Tobi Hansen, Infomail 1079, 6. Dezember 2019
Die SPD-Basis hat sich gegen die VertreterInnen des Parteiestablishments, Finanzminister und Vizekanzler Scholz und die Bundestagsabgeordnete Geywitz entschieden. Im 2.Wahlgang votierten letztlich 16.000 Mitglieder mehr für das Duo Walter-Borjans/Esken, die 114.995 Stimmen gegenüber 98.246 Stimmen für Scholz/Geywitz erhielten. Mehr Mitglieder als 54 % konnte die entscheidende Runde jedoch nicht mobilisieren, sicherlich dem scheintoten Zustand der Partei geschuldet, auch wenn die Stimmen für Walter-Borjans/Esken als ein womöglich letztes Lebenszeichen gedeutet werden können.
Für die gesamte Parteiführung der SPD stellt das Ergebnis eine schallende Ohrfeige, eine weitere Niederlage dar. Schließlich hatten sich in der Stichwahl fast alle „prominenten“ und „erfahrenen“ SozialdemokratInnen für Scholz/Geywitz ausgesprochen. Fast niemand aus dem Kabinett hielt sich an die interne „Verabredung“, keine Wahlempfehlungen auszusprechen. Vielmehr positionierten sich fast alle für Scholz/Geywitz. Die Parlamentsfraktion war erst recht deutlich gegen Walter-Borjans/Esken aufgestellt. Für diese Kräfte ging es nicht nur um die Parteiführung, sondern zugleich auch um das Weiterleben der Großen Koalition, in die sie die Partei nach der verheerenden Niederlage bei den Bundestagswahlen 2017 manövrierte hatten.

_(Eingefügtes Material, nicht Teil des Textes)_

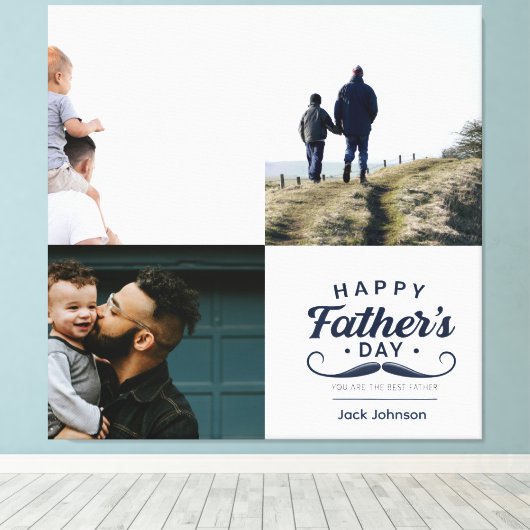 Happy Father’s Day Mustache Tribute Design Canvas Afdruk (Insitu (Houten vloer))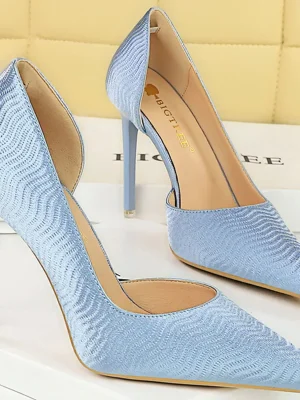 Women 10.5cm High Heels Sky Blue Pumps Lady Stiletto Hollow Silk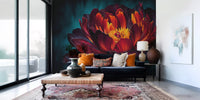Fiery Crimson Peony Bloom Wall Mural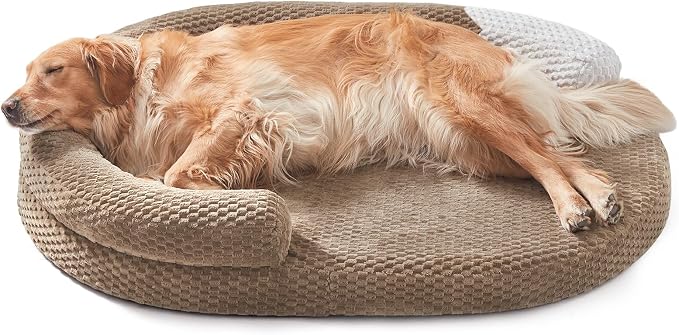 JOEJOY XXL Orthopedic Dog Beds, Extra Large Washable Waterproof Oval Dog Bed with with Removable Cover, Egg-Crate Memory Foam Pet Bed with Bolster Sides & Non-Skid Bottom, Brown, 48''x35''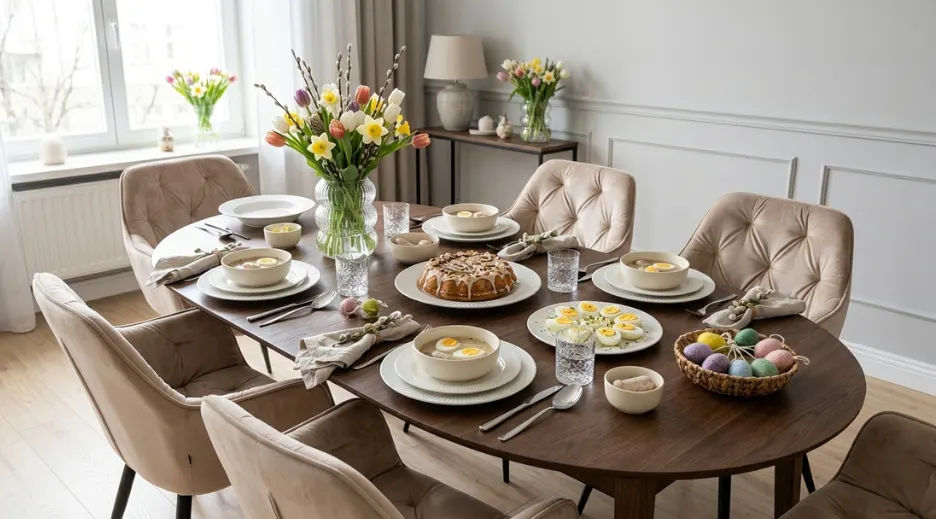 stół, zestaw obiadowy, kieliszki, kwiaty, babeczki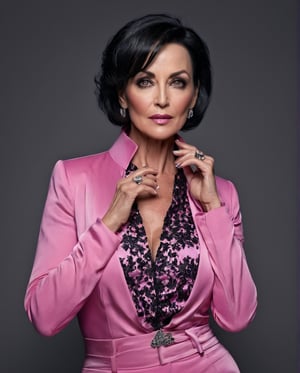 High-fashion model pose: classy woman ,46-years-old, ravishing beauty with striking grey eyes and short, raven-black hair, styled in a sultry shoot. wearing pink clothes, Expertly lit from above, highlighting the curves of her toned physique, as she strikes a confident pose, showcasing flawless makeup and a symmetrical face. Half-body shot, captured in stunning 4K resolution, emphasizing her realism.,more detail XL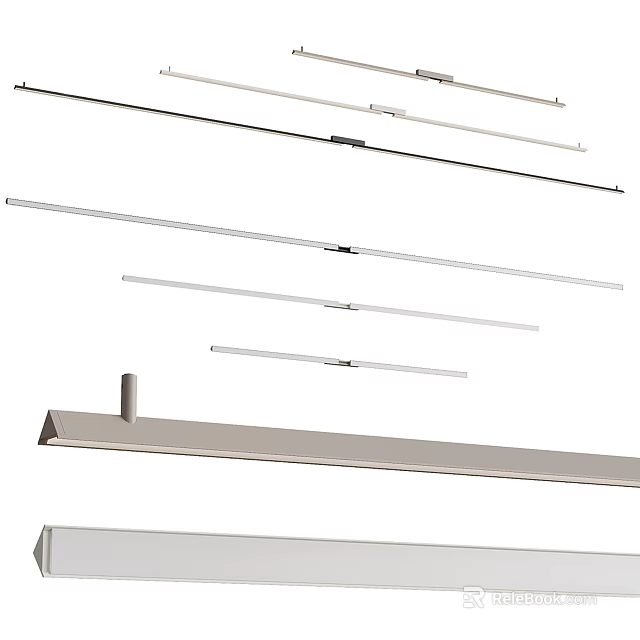 Modern Sleek Linear Ceiling Lights With Long Strip Design And LED Illumination 3d model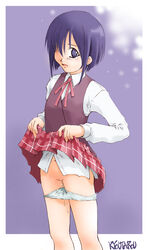 blue_eyes blue_hair clothing hair_over_eyes hair_over_one_eyes kyoutarou lowres mahou_sensei_negima mahou_sensei_negima! miniskirt miyazaki_nodoka navel panties panty_pull plaid plaid_skirt pussy pussy_juice ribbon ribbons shirt skirt skirt_lift tartan tears underwear white_panties white_shirt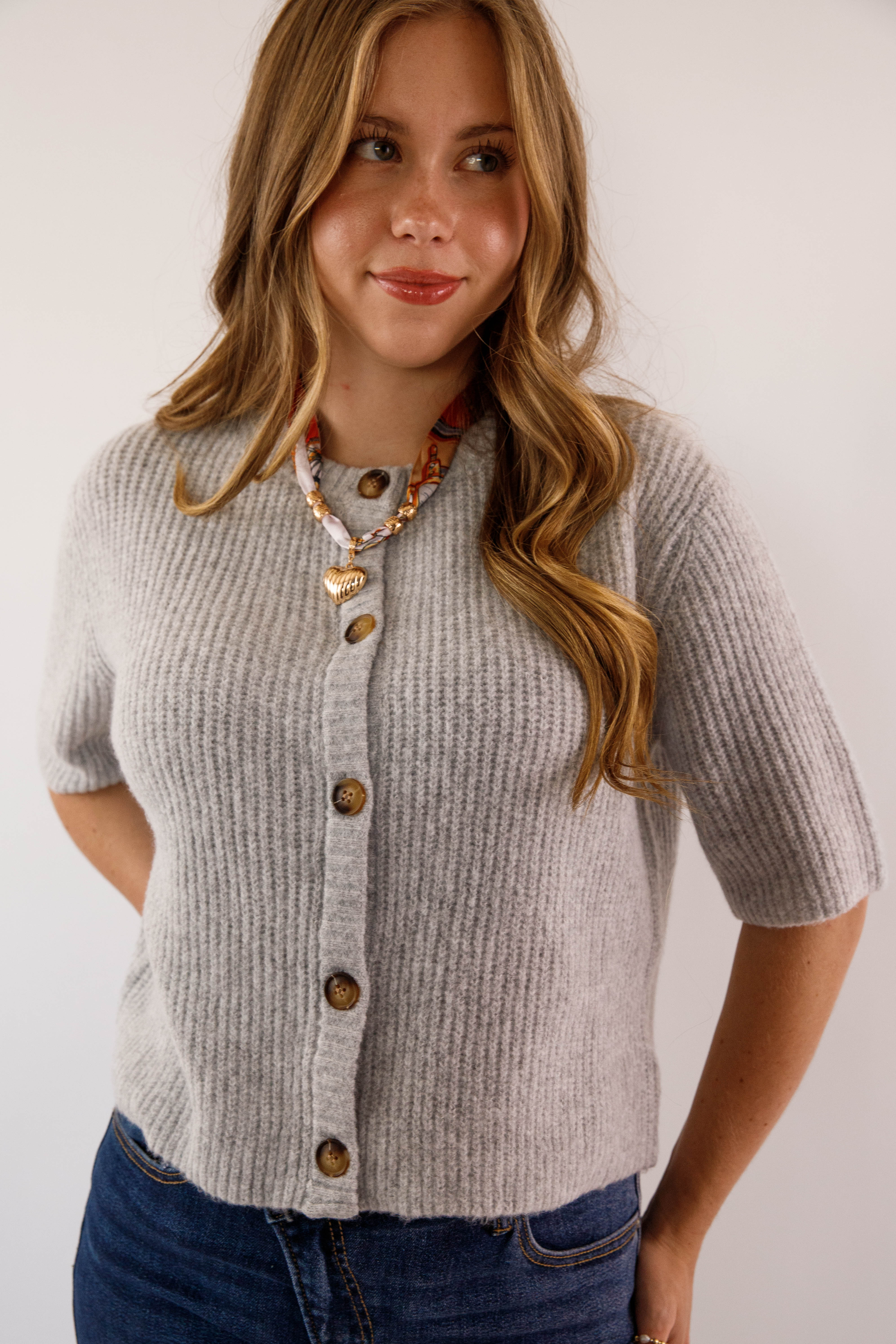 Right On Time Cardigan-Grey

Die dritte CDU/CSU/SPD-Koalition unter Merkels Kanzlerschaft stand nie unter einem guten Stern, jetzt könnten ihre letzten Wochen angebrochen sein. Die Krise der Union wie auch eine mögliche Neuausrichtung der SPD lassen Neuwahlen 2020 wahrscheinlicher werden.
Auch die bürgerlichen Medien hatten in den letzten Wochen Vizekanzler Scholz äußerst wohlwollend begleitet, würdigten selbst seine Steuerfahndungsabteilung für Reiche. Zahlreiche bürgerliche ExpertInnen und JournalistInnen stellten der Großen Koalition gar eine „sozialdemokratische Handschrift“ aus – so als hatte die SPD von der Öffentlichkeit unbemerkt Politik im Interesse der ArbeiterInnenklasse umgesetzt.
Trotz aller Schönfärberei verloren der „Scholzomat“ und damit auch die aktuelle Regierungsmannschaft und Führung der SPD.
Die Wahl kommt durchaus einer Zäsur in der Partei gleich: Das Führungspersonal, das die Bundesregierungen seit 1998 mitgestaltet hat, das verantwortlich ist für Jugoslawienkrieg und Agendapolitik, wurde 20 Jahre später endgültig abgewählt. Die Frage bleibt nur: Kämpfen die neu gewählten Vorsitzenden und ihre UnterstützerInnen für einen wirklichen Bruch mit dieser Politik und damit mit der Großen Koalition oder werden selbst ihre linkeren reformistischen Versprechen und der von ihnen geforderte Bruch mit dem Neo-Liberalismus auf dem Altar der „Parteieinheit“ geopfert, wird der Regierung und der Parlamentsfraktion unter linkeren Vorsitzenden praktisch eine Fortsetzung ihrer Politik gestattet?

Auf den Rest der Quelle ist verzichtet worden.